**DIRECTIONS**
Among the records that follow, find the line with "Lot Of 4 Fujitsu" and the line with "Nala Designs - Winter Privacy Screen". Set down those lines and all lines between them exactly, without adding anything.

**INPUT DATA**
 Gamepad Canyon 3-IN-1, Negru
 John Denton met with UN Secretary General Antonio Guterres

==

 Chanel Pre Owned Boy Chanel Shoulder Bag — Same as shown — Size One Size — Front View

==

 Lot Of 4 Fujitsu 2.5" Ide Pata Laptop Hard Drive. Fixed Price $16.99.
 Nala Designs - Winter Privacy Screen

**ANSWER SECTION**
 Lot Of 4 Fujitsu 2.5" Ide Pata Laptop Hard Drive. Fixed Price $16.99.
 Nala Designs - Winter Privacy Screen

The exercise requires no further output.